II. Was ein Bedrohungsmodell ist
Ein Bedrohungsmodell ist Buchführung unter Druck, nicht Angst, verkleidet als Strenge.
Es beantwortet drei Fragen:
- Wer kann dir schaden
- Wie kann er das tun
- Was würde es ihn kosten
Alles, was nicht im Modell ist, ist Rauschen.
Optimismus ohne Modellierung ist Fahrlässigkeit.
III. Staatlicher Zwang
Der Staat beginnt selten mit Gewalt.
Er beginnt mit:
- Registrierung
- Compliance
- Meldepflicht
- Abhängigkeit
Gewalt ist jenen vorbehalten, die lesbar und unbeweglich bleiben.
Zwang skaliert häufiger durch Bürokratie als durch Gewalt.
Seine bevorzugten Werkzeuge sind Verzögerung, Unsicherheit und Kosten.
Das Ziel ist Kontrolle.
Bestrafung ist nur eines ihrer Instrumente.
IV. Vereinnahmung durch Unternehmen
Unternehmen widersetzen sich selten dem Staat.
Sie integrieren sich mit ihm.
Vereinnahmung geschieht, wenn:
- Regulierung Hürden errichtet
- Compliance-Kosten etablierte Akteure begünstigen
- Überwachung ausgelagert wird
- Durchsetzung privatisiert wird
Unternehmerische Macht ist delegiert, nicht unabhängig.
Bedrohungsmodelle, die diese Ebene ignorieren, sind unvollständig.
V. Angriffe auf der sozialen Ebene
Die meisten Systeme scheitern sozial, bevor sie technisch scheitern.

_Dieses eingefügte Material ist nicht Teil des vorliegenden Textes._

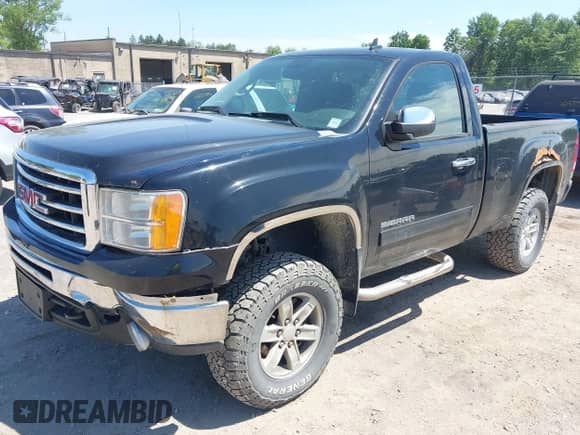 2013 GMC Sierra 1500 SLE z VIN 1GTN2VE09DZ208109, wystawiony jako IAAI lot #42539899 z przebiegiem 159 882 mil mil oraz . Historia ofert i sprzedaży dostępna na DreamBid. Obrazek 18.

Angriffe auf der sozialen Ebene umfassen:
- Reputationsdruck
- Deplatforming
- narrative Rahmung
- fabrizierten Konsens
Diese Angriffe erfordern kein Gesetz.
Sie erfordern Koordination.
Das Ziel ist Isolation.
Widerlegung ist optional.
VI. Regulierung als narrativer Krieg
Regulierung ist selten neutral.
Sie wird eingerahmt als:
- Sicherheit
- Stabilität
- Fairness
- Schutz
Sprache geht der Durchsetzung voraus.
Bis Regeln diskutiert werden, hat das Narrativ bereits Schuld und Tugend zugewiesen.
Compliance wird zur moralischen Pflicht.
Nichtkonformität wird zur Abweichung.
VII. „Verbraucherschutz" als Kontrolle
Schutz impliziert Verwundbarkeit.
Wenn Individuen als unfähig dargestellt werden, sind Intermediäre gerechtfertigt. Wenn Intermediäre existieren, verschiebt sich die Verwahrung. Wenn sich die Verwahrung verschiebt, entsteht Hebelwirkung.
Verbraucherschutz schützt in der Praxis Systeme oft wirksamer vor dem Ausstieg als er Verbraucher schützt.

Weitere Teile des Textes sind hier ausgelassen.